Unofficial node.js Apache Pnot client. Uses undici to make http requests to pinot brokers.
- Fast http queries using "Undici"
- Simple interface for bringing and using other http client libraries
- Built-in
sql
template tag and safe escaping of values - Support of
raw
andjoin
for complex queries - Typescript support
- Support of Apache Pinot multi-stage engine
- Compatible with prettier sql formatter and VScode sql syntax highlighters
NPM:
npm install pinot-noir
PNPM:
pnpm add pinot-noir
First of all you need to create transport. So far there's only one transport built-in in this lib, but you can use own implementation of IPinotBrokerTransport
interface.
By default we use HTTP JSON transport which is based on undici http client. It requires the URL of your brocker and an API token.
import { PinotBrokerJSONTransport } from 'pinot-noir';
const pinotTransport = new PinotBrokerJSONTransport({
brokerUrl: 'https://broker.pinot.my-cluster.example.startree.cloud', // replace with your broker url
token: '<your-token>', // for docker-based demo pinot leave blank
});
Other options are described in API docs.
Broker client is a wrapper class that uses provided transport to make queries to pinot, handle the responses and so on. For tests you can easily supply your broker client with mock transport.
import { PinotBrokerClient } from 'pinot-noir';
// ... init transport ...
const pinotClient = new PinotBrokerClient({ transport: pinotTransport });
To make sql queries this library supplies sql
template tag which is modified version of sql-template-tag library to match Apache Pinot syntax.
import { sql } from 'pinot-noir';
// ... setup transport and client ...
interface IResult {
hist: number;
}
const year = 2010;
const query = sql`
select sum(hits) as hits
from baseballStats
where yearID > ${year}`;
const result = await pinotClient.select<IResult>(query, { timeoutMs: 1000 });
console.log('== Query ==');
console.log(result.sql);
console.log('');
console.log('== Results ==');
console.table(result.rows);
console.log('== Stats ==');
console.log(result.stats);
While using query options like timeoutMs
they are passed to http request timeouts as well, so they shouldn't run longer than you expect the query should run.
By default pinot transport requests are made via HTTP connection pool with maximum concurrency.
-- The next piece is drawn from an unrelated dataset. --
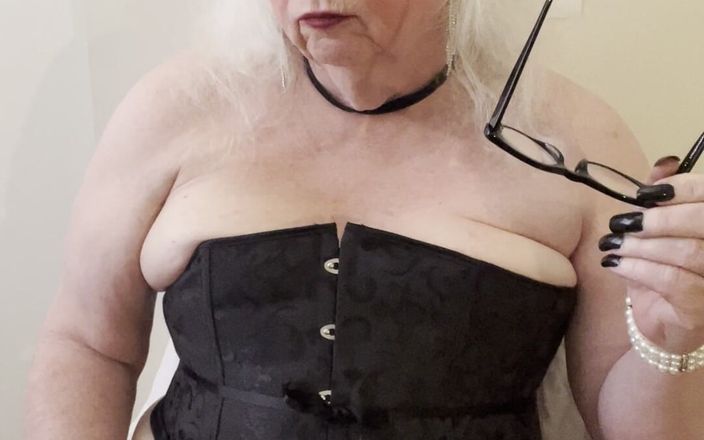 Constance: Meada y semen estimulado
If requests rate exceeds max concurrency value, the requests are queued. By default the queue is not limited, but it's strongly recommended to set it to prevent high memory consumption.
import { PinotBrokerJSONTransport } from 'pinot-noir';
const pinotTransport = new PinotBrokerJSONTransport({
...
maxQueueSize: 1024,
});
Since pinot can contain different data some of requests may not tolerate queuing. For addressing that issue in query you may specify queue tolerance. It's a value that represents percent of max queue size that this request could tolerate.
For example if maxQueueSize
is 1000
and queueTolerance
is 0.1
, then the query will be performed only if current queue is less than 1000 * 0.1 = 100
.
Otherwise QUEUE_TOLERANCE_LIMIT
error will be thrown.
For real-time data you can specify queueTolerance
as 0
, then the requests will be discarded if there's a queue.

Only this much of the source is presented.